Image: Our first view of Ranglana when we reached Bheva thatch.

When we reached base camp Vinay was waiting for us. We discussed the possibility of attempting peak 5750 m, a peak some distance away from our camp. Unfortunately, the next two days we were stuck inside our tent with continuous snow. During the night we had to wake up to shovel snow outside our tent, a most unpleasant task.

After the snowfall we decided to move camp to the base of peak 5750. On May 30 we walked up the medial moraine at the head of the valley towards Peak 5750.

A few hours later, we had to turn back disappointed. Peak 5750 looked as difficult as Ranglana and with the weather playing truant, it was a no go.

The route felt very steep and a slip could be fatal

Image: Dhodu (in middle) and adjacent peak with Dhodu cha Guncha in the background (far right)

The only choice we had left was Dhodu. On May 31, we started towards the summit camp of Dhodu. We set up camp around 4400 meters. We were up early the next day for the summit attempt and there wasn't a cloud to be seen for miles.

We left for the summit a little late, around 5 am. The early morning sun gave a magical hue to the snowy landscape in front of us. The snow was firm and I was walking with Lengdu. I was just reaching out to the fixed ropes when Vinay warned me of crevasses. The route felt very steep and a slip could be fatal.

I realised going further would mean I would have to depend on the others. It wasn't something I was comfortable with on a summit attempt. So I decided to turn back.

The storm came in fast

Image: I was trailing and decided to turn back after a while. This is the rest of team attemting Dhodu.

As I walking towards to the tent, I could see gathering clouds. I was walking alone and I had to be careful of hidden crevasses. I reached safely and had a small nap.

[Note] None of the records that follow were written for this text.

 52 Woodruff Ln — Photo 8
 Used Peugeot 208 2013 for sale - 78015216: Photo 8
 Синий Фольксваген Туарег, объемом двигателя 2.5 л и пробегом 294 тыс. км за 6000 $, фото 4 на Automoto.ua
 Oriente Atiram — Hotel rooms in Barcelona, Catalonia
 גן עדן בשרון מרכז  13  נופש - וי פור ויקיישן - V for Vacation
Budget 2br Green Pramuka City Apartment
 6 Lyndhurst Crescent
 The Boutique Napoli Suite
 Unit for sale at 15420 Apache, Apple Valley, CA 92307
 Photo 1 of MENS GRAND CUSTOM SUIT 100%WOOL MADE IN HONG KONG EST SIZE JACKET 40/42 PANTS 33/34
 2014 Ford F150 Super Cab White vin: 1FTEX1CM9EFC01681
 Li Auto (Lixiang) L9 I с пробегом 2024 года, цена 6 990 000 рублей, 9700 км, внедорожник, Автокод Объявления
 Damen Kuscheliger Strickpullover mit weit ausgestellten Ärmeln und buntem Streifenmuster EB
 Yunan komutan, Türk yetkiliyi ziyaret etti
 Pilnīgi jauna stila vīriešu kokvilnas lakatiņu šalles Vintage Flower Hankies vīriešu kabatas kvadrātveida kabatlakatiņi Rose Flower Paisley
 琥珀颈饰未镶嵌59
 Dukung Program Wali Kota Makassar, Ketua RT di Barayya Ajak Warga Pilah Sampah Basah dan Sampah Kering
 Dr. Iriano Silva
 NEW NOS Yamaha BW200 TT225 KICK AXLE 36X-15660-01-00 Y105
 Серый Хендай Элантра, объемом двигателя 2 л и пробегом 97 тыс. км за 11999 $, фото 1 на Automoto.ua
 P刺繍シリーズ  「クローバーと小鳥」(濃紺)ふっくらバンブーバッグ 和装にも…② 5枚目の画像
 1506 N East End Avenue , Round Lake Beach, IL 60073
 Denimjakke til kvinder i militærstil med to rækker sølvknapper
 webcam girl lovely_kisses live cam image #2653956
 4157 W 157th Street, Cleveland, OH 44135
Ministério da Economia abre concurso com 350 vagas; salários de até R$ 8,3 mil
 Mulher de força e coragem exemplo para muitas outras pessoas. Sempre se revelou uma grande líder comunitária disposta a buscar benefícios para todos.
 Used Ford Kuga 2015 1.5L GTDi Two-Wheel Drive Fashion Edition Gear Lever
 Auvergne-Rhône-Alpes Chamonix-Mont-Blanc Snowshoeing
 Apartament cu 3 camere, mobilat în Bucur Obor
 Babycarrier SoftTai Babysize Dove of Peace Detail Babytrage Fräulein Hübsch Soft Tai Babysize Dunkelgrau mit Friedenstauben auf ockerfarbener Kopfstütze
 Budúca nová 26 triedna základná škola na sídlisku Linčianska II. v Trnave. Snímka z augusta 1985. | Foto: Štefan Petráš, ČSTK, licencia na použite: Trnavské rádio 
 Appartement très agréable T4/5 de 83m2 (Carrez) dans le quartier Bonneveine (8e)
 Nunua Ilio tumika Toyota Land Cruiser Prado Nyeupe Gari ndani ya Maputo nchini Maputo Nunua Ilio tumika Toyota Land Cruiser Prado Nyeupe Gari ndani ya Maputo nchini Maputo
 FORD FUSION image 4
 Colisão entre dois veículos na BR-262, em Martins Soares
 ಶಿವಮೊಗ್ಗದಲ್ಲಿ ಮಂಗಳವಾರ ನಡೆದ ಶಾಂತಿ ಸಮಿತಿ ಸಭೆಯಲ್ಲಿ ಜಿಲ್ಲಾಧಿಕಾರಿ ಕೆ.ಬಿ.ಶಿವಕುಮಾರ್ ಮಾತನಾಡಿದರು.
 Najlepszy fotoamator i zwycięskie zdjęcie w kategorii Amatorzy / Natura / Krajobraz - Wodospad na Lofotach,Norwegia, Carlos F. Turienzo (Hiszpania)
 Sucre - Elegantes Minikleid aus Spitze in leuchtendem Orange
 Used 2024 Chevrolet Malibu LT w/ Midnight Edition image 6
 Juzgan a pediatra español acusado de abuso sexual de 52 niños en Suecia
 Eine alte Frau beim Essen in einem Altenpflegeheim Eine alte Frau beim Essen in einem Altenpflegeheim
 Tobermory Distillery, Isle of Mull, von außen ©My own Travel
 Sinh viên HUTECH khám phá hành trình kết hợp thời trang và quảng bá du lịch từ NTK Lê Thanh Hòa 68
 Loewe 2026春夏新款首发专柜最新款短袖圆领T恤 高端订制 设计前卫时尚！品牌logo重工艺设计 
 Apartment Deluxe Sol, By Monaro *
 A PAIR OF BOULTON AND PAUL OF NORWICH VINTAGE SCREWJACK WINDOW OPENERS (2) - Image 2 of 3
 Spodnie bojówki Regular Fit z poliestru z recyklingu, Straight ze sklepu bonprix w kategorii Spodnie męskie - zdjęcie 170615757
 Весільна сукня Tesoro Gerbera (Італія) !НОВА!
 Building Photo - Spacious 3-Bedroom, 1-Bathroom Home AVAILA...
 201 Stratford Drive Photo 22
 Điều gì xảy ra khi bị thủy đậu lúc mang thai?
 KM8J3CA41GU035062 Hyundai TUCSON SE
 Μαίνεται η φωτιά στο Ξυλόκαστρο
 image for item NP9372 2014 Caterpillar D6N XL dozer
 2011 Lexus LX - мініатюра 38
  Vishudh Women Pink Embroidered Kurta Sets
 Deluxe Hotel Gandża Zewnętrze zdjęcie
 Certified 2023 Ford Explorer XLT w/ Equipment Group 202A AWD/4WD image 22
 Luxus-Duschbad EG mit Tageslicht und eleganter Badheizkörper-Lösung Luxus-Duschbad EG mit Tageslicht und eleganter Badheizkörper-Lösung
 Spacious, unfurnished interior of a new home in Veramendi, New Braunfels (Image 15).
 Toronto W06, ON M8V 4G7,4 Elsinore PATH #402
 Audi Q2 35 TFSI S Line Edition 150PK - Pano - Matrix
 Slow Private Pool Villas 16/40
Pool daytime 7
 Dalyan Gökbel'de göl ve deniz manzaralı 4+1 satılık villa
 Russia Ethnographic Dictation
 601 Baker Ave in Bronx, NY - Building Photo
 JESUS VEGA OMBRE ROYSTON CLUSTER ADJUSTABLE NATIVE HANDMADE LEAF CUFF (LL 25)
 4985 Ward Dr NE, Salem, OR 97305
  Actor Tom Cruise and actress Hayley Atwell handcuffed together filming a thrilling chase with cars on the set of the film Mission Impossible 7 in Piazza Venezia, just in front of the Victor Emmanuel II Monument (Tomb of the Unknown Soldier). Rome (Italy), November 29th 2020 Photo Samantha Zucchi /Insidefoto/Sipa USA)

By noon it was snowing and getting worse. The others were out of sight, but I was sure they would have seen the gathering storm. The storm came in fast.

It began snowing heavily around 1 pm with thunder and lightning. Visibility was down as a cloud covered the peak. I saw a small avalanche nearby. I wasn't nervous yet, but I knew the margin for error did not exist anymore. The lightning was especially scary.

At 2 pm, I could see the group descending. I was relieved. Even though they reached camp exhausted, Cyrus felt it was prudent to move to base camp given the weather. They had missed the summit by just 40 meters, but the climb was a fantastic attempt in the circumstances.

Everyone was pleased including me.


We made it to base camp just before it got dark

Image: After the storm

The snowfall continued as we moved towards base camp. Kamlesh offered to take my sack. Once the weight was gone, I began moving very fast and confidently.

I paid a price for my over confidence. It was getting dark and I was on a grassy slope when I missed a rock. My vibram soles slipped on a wet rock, and I tried to balance my fall using my ice axe. Bad move. The ice axe slipped too and went straight into my ear.

For a minute I was very nervous. It was almost dark, and everyone was exhausted. I was hurt and bleeding. I gathered myself and the four of us -- Narbu, Lengdu, Prakash and I -- made it to base camp just before it got dark. We were cold, wet and tired, but very relieved to be at base camp.

Thankfully the injury turned out to be a minor one. We spent the next two days waiting for our porters to arrive from Sankri. The minute they showed up, we rushed down.

The descent was gruelling because each and every rock was wet and slippery. I was just glad to reach Sankri.

Ranglana will be climbed eventually. I assure you though when it does get climbed, major mountaineering journals will hail it as an achievement.